» Activity
When the line containing "Czarne Śniegowce Imagine." is reached, begin transcribing. Continue exactly through the final line of the listing, and return nothing else.
____________________
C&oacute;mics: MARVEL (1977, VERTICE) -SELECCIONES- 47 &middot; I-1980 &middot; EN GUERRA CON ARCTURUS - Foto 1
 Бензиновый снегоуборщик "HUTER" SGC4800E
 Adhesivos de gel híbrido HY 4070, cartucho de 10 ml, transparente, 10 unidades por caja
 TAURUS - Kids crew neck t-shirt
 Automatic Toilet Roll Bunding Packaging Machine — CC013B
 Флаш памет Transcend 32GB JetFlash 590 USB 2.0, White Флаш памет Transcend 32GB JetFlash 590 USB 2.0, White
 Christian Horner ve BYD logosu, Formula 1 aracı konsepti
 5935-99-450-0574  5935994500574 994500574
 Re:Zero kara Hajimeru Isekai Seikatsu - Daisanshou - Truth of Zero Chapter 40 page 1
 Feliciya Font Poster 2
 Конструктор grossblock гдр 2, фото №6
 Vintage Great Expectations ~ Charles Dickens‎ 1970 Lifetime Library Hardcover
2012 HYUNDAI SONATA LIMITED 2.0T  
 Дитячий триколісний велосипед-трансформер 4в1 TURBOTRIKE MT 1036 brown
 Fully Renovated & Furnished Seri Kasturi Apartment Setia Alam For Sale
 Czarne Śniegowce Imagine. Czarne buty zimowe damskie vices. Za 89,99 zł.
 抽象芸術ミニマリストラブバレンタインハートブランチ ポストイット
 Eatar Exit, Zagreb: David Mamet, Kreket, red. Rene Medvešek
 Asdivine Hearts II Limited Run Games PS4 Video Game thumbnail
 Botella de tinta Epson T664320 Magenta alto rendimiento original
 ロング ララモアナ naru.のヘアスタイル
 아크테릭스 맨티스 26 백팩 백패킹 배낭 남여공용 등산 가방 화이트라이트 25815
____________________
» Expected answer
 Czarne Śniegowce Imagine. Czarne buty zimowe damskie vices. Za 89,99 zł.
 抽象芸術ミニマリストラブバレンタインハートブランチ ポストイット
 Eatar Exit, Zagreb: David Mamet, Kreket, red. Rene Medvešek
 Asdivine Hearts II Limited Run Games PS4 Video Game thumbnail
 Botella de tinta Epson T664320 Magenta alto rendimiento original
 ロング ララモアナ naru.のヘアスタイル
 아크테릭스 맨티스 26 백팩 백패킹 배낭 남여공용 등산 가방 화이트라이트 25815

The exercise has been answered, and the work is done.